Transcript Staff Report
The economic crisis that is laying bare the town’s financial problems is having a minimal effect on the Parks and Recreation Department and the Larsen Rink, two town departments that are entirely self-sufficient and are funded by user fees to pay their own way.
“We’re actually having a pretty successful season,” said Parks and Recreation Director Sean Driscoll, who oversees the two enterprise funds that operate the Recreation Department programs and the Larsen Rink.
“The year got off to a bit of a rough start and the bad economy hasn’t been a help, but things have actually been picking up, and I anticipate the budgets for [both Larsen Rink and Parks and Recreation] to either break even or maybe even have a little bit of a surplus by the end of the year.”
Driscoll’s assessment of the status of the two enterprise funds seems to support the decision several years ago to take those departments off the town’s budget and have them survive independently.
“Overall, the year’s been good,” added rink manager Mark Wallace. “We’re actually on the plus side at the rink, and any cuts the town has to make shouldn’t affect us.”
The nature of enterprise funds dictates the programs be self-sufficient and cannot rely on any funding from the town’s budget. However, the reciprocal impact is revenue from the enterprise fund is legally earmarked specifically for those programs.
Both Driscoll and Wallace acknowledged that some people in town have asked why cuts won’t be made to Parks and Recreation or at the rink, when town officials are being forced to lay off department heads and potentially close departments, such as the library and senior center.

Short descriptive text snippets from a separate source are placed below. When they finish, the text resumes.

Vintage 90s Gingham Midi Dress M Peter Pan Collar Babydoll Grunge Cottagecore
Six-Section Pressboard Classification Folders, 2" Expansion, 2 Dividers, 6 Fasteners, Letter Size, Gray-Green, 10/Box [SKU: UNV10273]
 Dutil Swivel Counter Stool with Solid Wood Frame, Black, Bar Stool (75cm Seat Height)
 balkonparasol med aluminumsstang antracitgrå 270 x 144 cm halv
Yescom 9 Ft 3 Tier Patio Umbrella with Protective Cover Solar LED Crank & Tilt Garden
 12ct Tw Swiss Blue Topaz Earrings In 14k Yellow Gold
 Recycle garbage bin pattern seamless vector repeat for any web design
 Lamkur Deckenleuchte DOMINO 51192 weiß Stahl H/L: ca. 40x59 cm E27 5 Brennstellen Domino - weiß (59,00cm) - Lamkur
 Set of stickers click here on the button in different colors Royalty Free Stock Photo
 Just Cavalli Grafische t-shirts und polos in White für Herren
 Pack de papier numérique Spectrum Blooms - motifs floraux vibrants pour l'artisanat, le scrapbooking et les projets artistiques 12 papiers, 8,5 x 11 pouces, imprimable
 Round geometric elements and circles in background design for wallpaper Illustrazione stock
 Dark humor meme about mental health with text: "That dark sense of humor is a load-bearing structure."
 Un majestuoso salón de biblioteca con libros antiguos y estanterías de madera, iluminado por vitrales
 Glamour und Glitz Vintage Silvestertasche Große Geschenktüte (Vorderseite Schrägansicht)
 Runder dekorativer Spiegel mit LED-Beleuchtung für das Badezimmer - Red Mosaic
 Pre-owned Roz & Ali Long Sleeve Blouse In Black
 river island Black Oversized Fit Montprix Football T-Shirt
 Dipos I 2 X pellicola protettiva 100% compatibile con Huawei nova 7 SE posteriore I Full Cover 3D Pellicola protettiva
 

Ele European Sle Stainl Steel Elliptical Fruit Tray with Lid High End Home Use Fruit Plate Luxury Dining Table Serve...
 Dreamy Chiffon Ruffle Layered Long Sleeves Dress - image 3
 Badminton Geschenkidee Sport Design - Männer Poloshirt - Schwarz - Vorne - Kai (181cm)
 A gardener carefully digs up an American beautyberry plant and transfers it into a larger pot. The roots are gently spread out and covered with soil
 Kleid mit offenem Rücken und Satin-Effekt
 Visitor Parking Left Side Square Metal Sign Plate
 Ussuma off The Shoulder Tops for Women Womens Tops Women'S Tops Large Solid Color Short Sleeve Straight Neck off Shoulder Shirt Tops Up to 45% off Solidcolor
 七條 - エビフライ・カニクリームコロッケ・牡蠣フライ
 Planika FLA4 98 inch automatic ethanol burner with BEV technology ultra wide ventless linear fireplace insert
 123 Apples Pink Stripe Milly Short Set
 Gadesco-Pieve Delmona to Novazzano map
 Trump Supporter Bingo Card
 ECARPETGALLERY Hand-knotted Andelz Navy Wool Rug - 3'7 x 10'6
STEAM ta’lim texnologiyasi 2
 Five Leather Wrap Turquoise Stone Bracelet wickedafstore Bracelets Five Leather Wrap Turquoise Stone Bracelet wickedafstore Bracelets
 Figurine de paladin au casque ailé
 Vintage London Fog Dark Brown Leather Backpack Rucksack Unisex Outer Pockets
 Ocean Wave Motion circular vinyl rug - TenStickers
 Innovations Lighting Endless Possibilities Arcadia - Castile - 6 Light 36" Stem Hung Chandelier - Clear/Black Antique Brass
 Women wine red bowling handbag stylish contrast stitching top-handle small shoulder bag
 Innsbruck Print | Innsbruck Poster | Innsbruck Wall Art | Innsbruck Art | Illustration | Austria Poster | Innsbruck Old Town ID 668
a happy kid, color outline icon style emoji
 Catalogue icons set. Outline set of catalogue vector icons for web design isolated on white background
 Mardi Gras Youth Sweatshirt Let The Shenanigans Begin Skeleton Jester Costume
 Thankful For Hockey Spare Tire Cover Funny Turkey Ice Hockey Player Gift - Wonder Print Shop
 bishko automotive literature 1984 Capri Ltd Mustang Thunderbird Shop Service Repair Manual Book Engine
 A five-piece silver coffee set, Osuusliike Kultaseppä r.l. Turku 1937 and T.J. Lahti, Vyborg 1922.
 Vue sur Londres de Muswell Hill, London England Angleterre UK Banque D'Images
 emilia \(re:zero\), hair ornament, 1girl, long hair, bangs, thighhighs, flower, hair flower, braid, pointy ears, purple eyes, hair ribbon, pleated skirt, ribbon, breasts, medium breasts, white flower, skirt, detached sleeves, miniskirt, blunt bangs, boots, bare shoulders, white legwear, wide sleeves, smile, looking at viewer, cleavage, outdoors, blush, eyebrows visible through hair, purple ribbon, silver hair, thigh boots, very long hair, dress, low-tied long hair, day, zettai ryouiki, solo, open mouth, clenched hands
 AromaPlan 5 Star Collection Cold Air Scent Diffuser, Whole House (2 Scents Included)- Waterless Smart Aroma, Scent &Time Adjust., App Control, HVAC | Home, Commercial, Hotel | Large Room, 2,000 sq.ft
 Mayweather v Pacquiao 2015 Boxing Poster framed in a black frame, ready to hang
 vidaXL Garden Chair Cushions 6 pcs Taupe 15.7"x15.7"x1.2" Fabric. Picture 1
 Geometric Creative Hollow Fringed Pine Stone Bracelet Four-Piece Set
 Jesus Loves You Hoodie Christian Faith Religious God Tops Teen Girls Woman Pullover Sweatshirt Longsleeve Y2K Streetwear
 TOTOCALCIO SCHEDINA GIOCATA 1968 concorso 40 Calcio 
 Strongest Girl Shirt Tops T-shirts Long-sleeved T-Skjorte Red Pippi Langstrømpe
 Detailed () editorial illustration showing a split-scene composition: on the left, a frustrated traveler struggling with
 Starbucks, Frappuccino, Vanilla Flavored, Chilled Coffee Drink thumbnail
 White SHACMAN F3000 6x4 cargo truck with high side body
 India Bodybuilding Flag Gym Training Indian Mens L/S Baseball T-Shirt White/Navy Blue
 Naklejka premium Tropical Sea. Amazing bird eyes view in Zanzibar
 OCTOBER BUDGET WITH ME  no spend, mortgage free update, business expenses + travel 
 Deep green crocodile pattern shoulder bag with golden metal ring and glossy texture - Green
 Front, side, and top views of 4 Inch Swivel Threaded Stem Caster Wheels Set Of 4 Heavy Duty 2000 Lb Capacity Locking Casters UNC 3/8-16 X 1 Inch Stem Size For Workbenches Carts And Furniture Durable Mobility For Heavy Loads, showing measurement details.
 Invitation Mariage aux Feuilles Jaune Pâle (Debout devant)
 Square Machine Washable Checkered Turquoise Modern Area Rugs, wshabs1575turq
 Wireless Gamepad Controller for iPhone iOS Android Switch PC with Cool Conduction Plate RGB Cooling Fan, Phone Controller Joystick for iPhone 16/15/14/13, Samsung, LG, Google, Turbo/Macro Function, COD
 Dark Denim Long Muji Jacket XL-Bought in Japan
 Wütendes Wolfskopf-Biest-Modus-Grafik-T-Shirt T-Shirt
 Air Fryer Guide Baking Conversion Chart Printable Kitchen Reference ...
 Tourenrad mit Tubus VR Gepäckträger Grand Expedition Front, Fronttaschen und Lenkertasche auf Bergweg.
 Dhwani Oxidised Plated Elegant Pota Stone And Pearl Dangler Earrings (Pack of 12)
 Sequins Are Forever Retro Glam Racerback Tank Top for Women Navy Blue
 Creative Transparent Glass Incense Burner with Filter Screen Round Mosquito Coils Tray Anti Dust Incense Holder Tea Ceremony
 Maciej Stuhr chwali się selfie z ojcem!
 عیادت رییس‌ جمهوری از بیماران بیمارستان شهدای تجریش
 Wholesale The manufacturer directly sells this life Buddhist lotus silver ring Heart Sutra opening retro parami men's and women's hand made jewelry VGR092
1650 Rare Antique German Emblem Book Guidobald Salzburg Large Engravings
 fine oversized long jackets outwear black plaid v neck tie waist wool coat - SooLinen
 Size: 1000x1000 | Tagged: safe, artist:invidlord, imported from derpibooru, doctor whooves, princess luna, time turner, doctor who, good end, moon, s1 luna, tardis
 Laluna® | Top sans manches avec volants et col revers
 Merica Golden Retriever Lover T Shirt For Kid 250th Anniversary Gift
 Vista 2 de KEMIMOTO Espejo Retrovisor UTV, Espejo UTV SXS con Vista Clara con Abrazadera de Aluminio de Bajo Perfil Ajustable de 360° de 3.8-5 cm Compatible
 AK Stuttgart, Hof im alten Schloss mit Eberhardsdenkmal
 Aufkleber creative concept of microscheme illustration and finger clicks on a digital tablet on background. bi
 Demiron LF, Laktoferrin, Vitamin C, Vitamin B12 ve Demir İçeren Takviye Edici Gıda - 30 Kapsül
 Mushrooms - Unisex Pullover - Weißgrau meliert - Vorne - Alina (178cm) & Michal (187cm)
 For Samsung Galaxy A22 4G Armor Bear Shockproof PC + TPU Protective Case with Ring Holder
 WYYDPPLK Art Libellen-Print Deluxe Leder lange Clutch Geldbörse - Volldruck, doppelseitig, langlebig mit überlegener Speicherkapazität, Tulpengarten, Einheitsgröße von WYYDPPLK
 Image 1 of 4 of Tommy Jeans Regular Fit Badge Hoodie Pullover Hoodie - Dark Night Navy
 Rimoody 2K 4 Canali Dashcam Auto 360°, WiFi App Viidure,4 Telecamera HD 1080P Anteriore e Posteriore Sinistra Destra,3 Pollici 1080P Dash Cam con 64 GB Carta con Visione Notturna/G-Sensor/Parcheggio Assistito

Meanwhile, programs like the senior center and library, which are funded through the town budget, are more deeply impacted in tight fiscal times.
“We’ve been really lucky,” Wallace said, referring to the rink’s success. “We have some issues with regard to the repairs that need to be made to the rink, but we’ve had a good season with lots of teams using the ice, and we’ve been getting a lot of turnout at the public skates, and we’ve probably had the most birthday party rentals that we’ve ever had, so we’ve actually done pretty well.”
Wallace also noted the success of the Winthrop High hockey program has had a trickle down effect this year as well. With full high school programs at the freshman, junior varsity and varsity levels, there has been plenty of ice time dedicated to the hockey teams. At the same time, the rink’s largest users, Winthrop Youth Hockey and the Winthrop Skating Association, have also had banner years and have booked regular ice time.
“We’ve also had several outside hockey teams and programs using the ice, such as Catholic Memorial’s high school team, the girls teams from Marblehead and Lynn English-Winthrop have been using the rink for practice time and home games, and we’ve had other requests,” noted Driscoll. “The key going forward is going to be what the town decides to do about making repairs to the rink, which are needed. That will really have an impact on next year.”
Driscoll said the town is still deciding how to proceed at the rink, because of faulty contracting work done by the general contractor who installed the new ice surface two years ago. Town officials think additional repairs are needed.